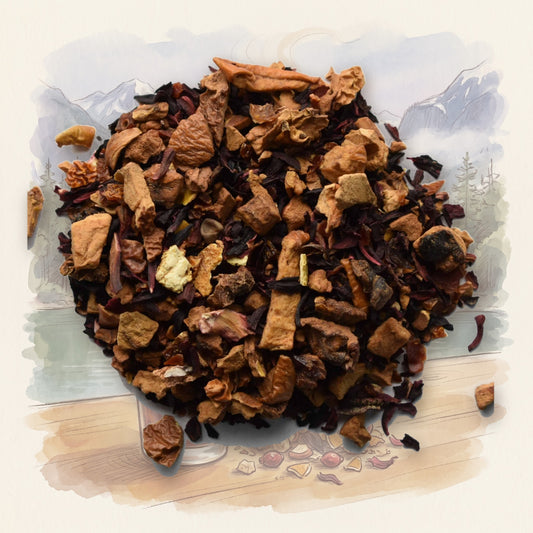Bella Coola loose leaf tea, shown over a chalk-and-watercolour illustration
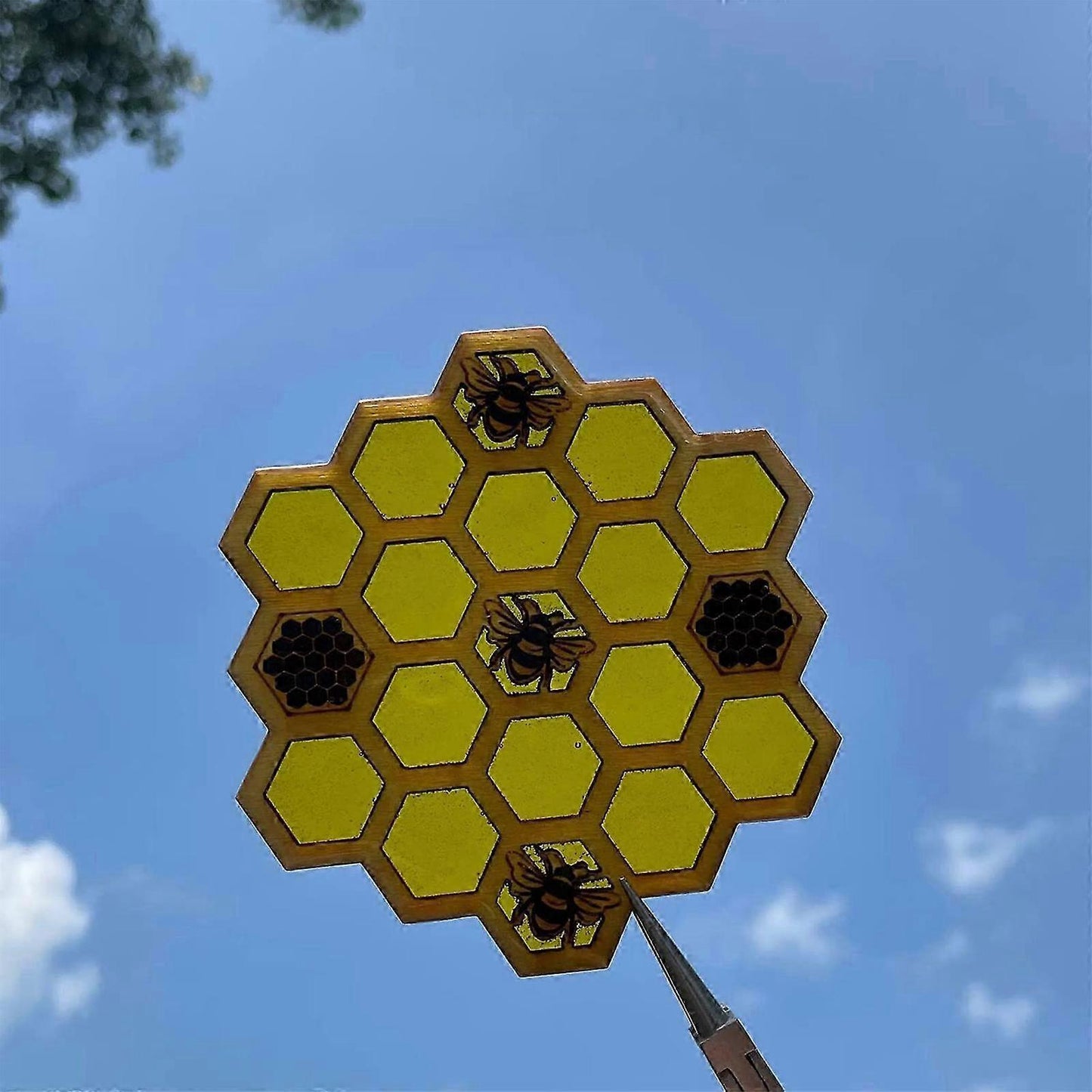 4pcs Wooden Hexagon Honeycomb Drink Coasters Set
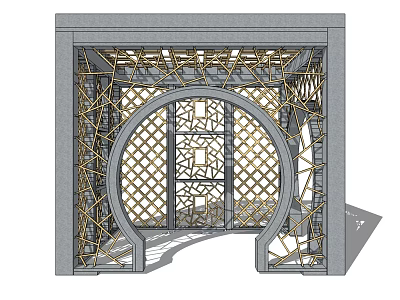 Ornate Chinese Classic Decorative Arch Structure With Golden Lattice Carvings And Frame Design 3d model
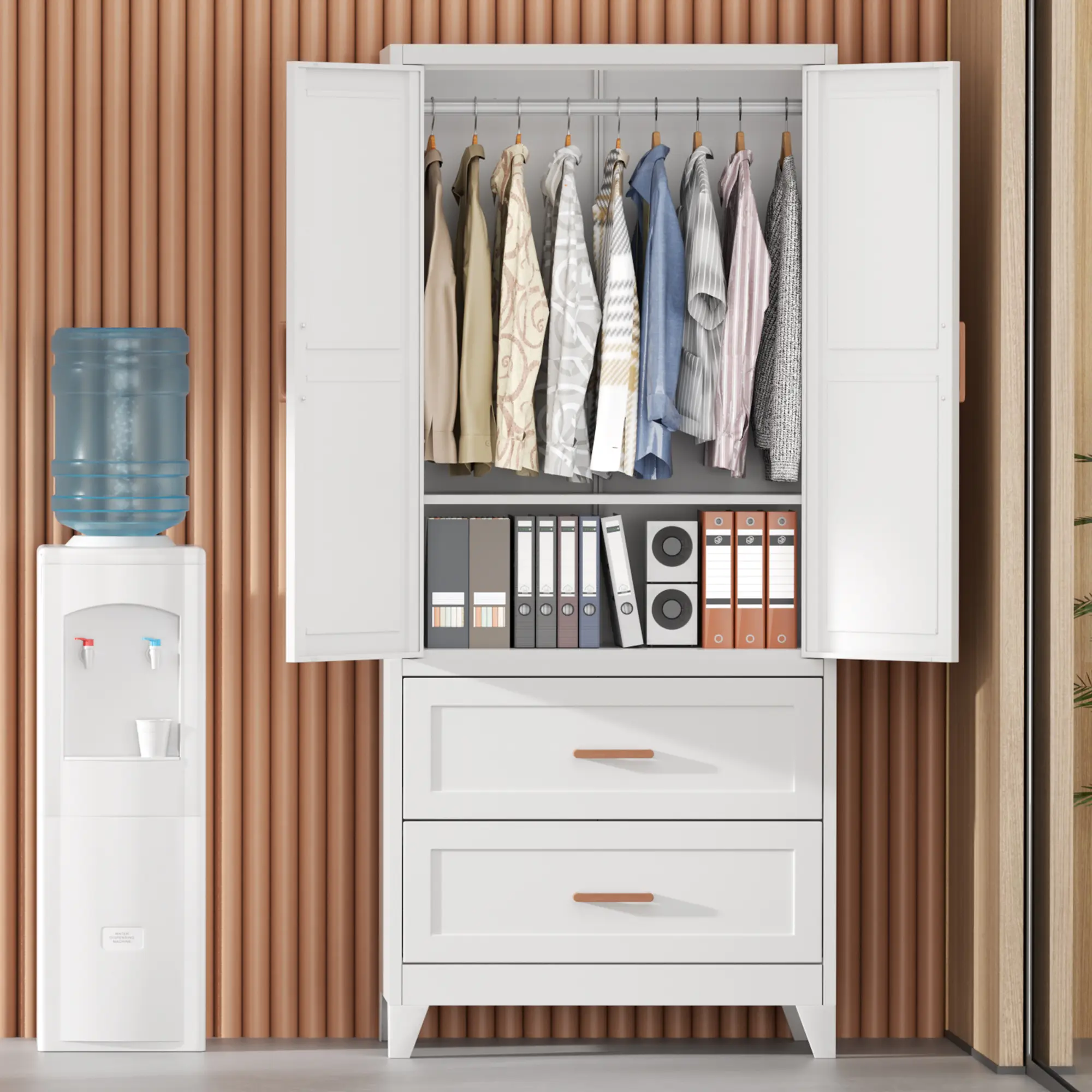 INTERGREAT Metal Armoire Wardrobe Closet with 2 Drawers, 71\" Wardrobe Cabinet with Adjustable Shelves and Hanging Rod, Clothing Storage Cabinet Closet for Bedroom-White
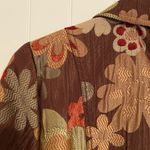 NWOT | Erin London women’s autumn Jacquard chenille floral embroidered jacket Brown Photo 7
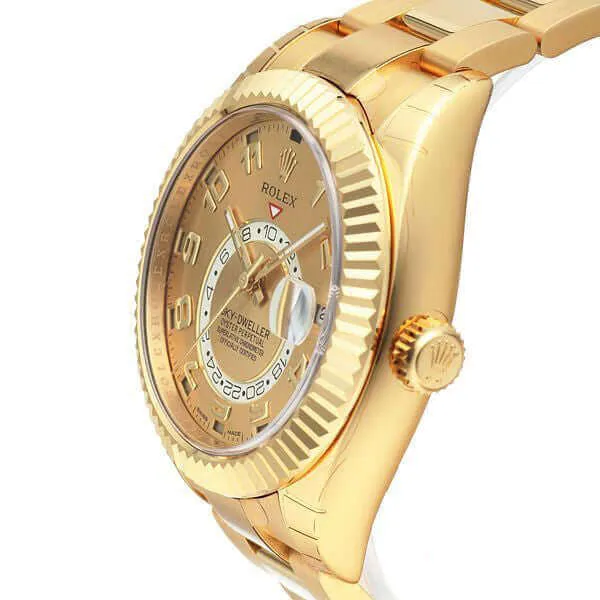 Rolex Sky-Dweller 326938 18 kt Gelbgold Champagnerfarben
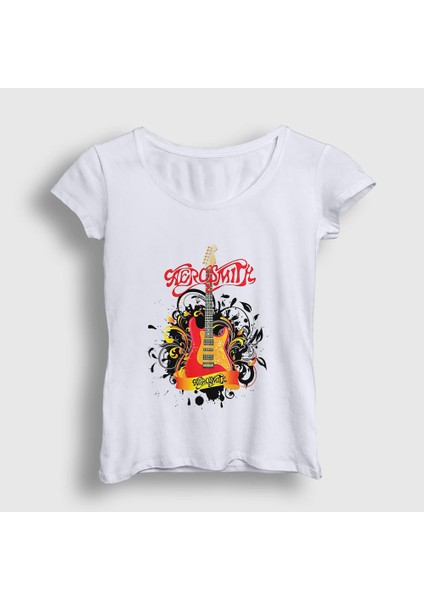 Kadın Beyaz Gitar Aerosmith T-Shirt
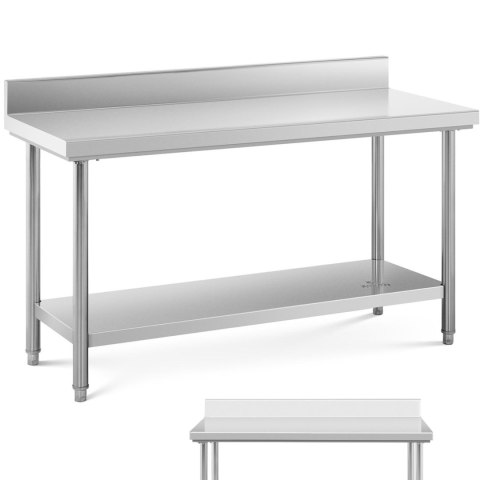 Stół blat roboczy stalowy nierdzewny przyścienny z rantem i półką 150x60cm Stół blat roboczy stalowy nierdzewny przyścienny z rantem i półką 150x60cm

* * *

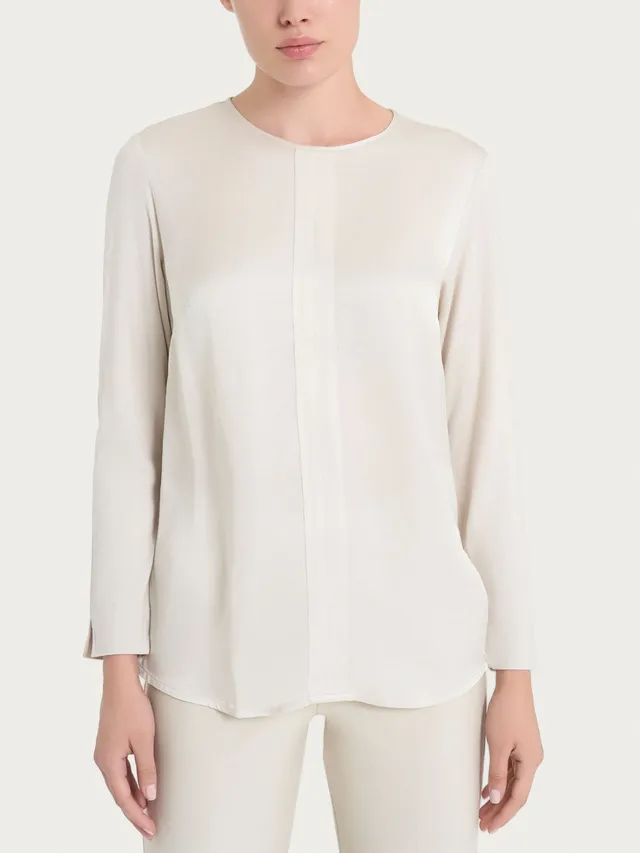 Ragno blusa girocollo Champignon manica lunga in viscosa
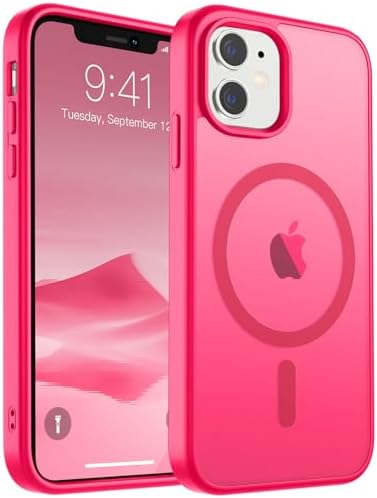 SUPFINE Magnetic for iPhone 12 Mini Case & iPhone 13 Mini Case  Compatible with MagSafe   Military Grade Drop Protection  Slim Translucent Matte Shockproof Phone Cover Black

### [TO DO]
Using the records above, return verbatim only the part that opens with the line containing "Bella Coola loose" and closes with the line containing "półką 150x60cm Stół"; pictures stay out.

### [EXPECTED ANSWER]
Bella Coola loose leaf tea, shown over a chalk-and-watercolour illustration
 4pcs Wooden Hexagon Honeycomb Drink Coasters Set
 Ornate Chinese Classic Decorative Arch Structure With Golden Lattice Carvings And Frame Design 3d model
 INTERGREAT Metal Armoire Wardrobe Closet with 2 Drawers, 71\" Wardrobe Cabinet with Adjustable Shelves and Hanging Rod, Clothing Storage Cabinet Closet for Bedroom-White
 NWOT | Erin London women’s autumn Jacquard chenille floral embroidered jacket Brown Photo 7
 Rolex Sky-Dweller 326938 18 kt Gelbgold Champagnerfarben
 Kadın Beyaz Gitar Aerosmith T-Shirt
 Stół blat roboczy stalowy nierdzewny przyścienny z rantem i półką 150x60cm Stół blat roboczy stalowy nierdzewny przyścienny z rantem i półką 150x60cm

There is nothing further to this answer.